I've read that HTTP2 removes the need for JavaScript file concatenation because of the multiple -> single connection change.
But doesn't concatenating still reduce the amount of headers that are sent? If there are separate files sent won't each one be sent with its own set of headers?
With concatenation only one set of headers will be sent.
So would concatenation still make a small difference?
Under HTTP/1.1 yes this would help.
Under HTTP/2 headers are compressed using HPACK. This builds a table of headers which are then referenced in future requests with the same headers, so the full header is not sent again but just a much smaller reference to the previous header.
However, there are other points to consider.
Reasons to concatenate:
Body compression (e.g. Gzip) works better on larger resources so concatenating will likely mean less bytes are transferred.
There is still an overhead to Browsers making extra requests. Whether from creating the request, sending it, parsing it...etc. The network impact is reduced under HTTP/2 but there are still benefits to concatenation.
Reasons NOT to concatenate:
If you only send the resources you need then there may be savings. E.g. let's assume you have three javascript files (1.js
, 2.js
and 3.js
), and normally send a combined javascript file (e.g. all.js
). Now, under HTTP/2 the penalty for not concatenating is not as severe, so you could only send what you need. So if a page only needs 1.js
and 3.js
, and only send those, then you save bytes by not sending 2.js
(and the processing on the browser side!). Of course this could also have been done under HTTP/1.1 if you also created a 1_and_3.js
file but creating all the combinations of concatenations may not have been worth the effort whereas not concatenating actually saves a build step.

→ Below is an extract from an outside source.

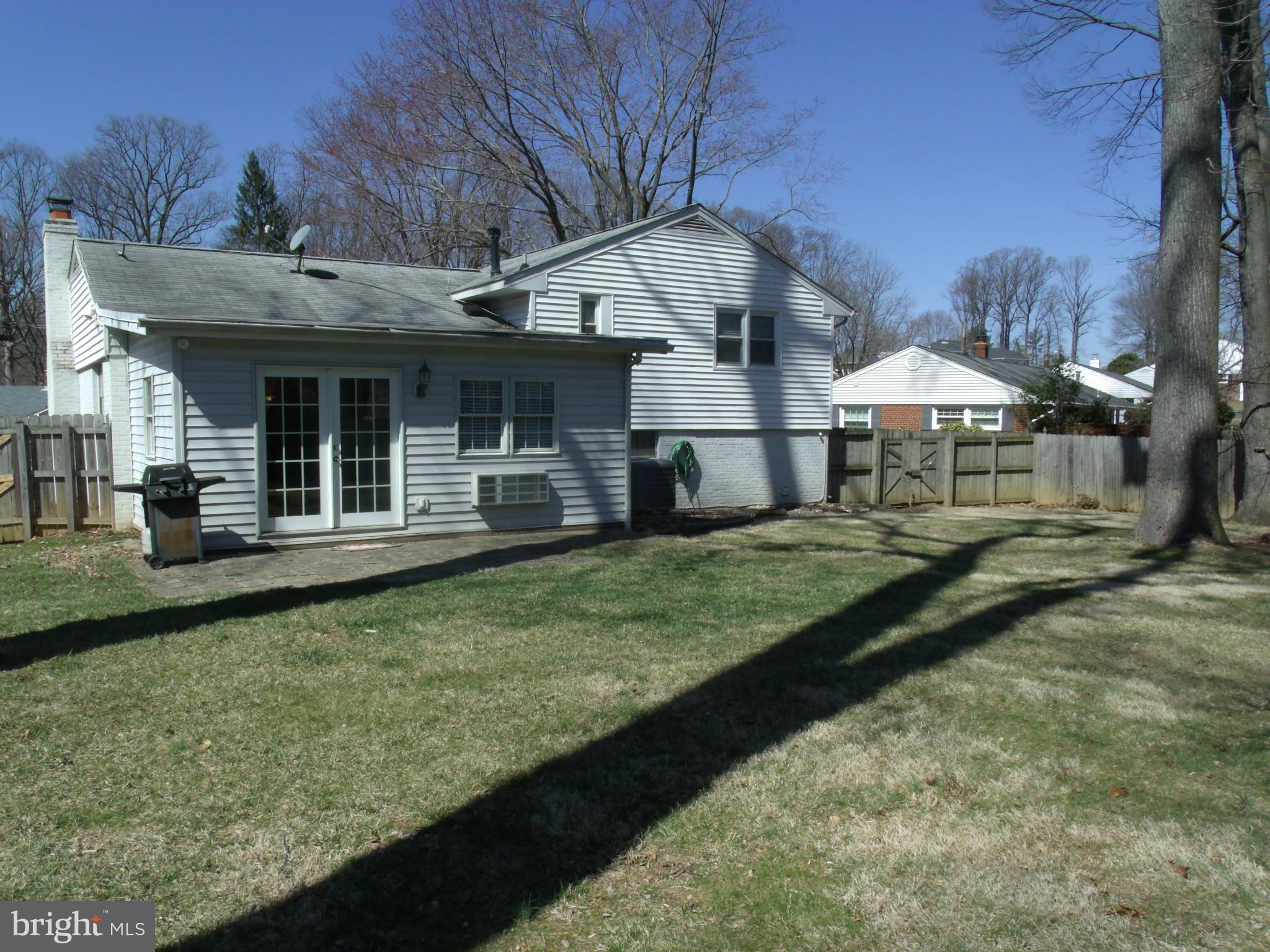 5214 Light Street Springfield, VA 22151 - Photo 25 of 27 a front view of a house with a yard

Similarly on the caching side, if you do not concatenate, and then change 1.js
, you may still be able to use 2.js
and 3.js
from the cache. Previously the user would have had to download the full all.js
file again for any code changes.
So there is no clear cut answer but in my experience we will concatenate less (basically into functional bundles), but not eradicate it completely.
HTTP/2 makes things very interesting, in my opinion, and potentially lead to lots of changes in Web Performance Optimisations (WPO).